[Image-caption web data]
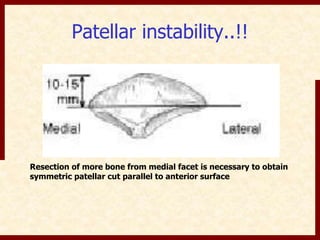 Patellar instability..!! 
Resection of more bone from medial facet is necessary to obtain 
symmetric patellar cut parallel to anterior surface 
 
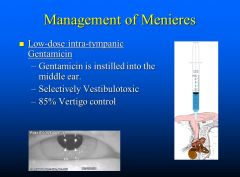 Low dose intra-tympanic gentamicin (85% vertigo control)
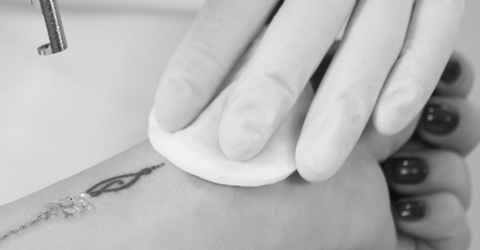 лазерное удаление татуировок Париж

• [EXERCISE DESCRIPTION]: Copy the entries above verbatim. Pictures do not belong in the copy.

• [EXPECTED ANSWER]:
 Patellar instability..!! 
Resection of more bone from medial facet is necessary to obtain 
symmetric patellar cut parallel to anterior surface 
 
 Low dose intra-tympanic gentamicin (85% vertigo control)
 лазерное удаление татуировок Париж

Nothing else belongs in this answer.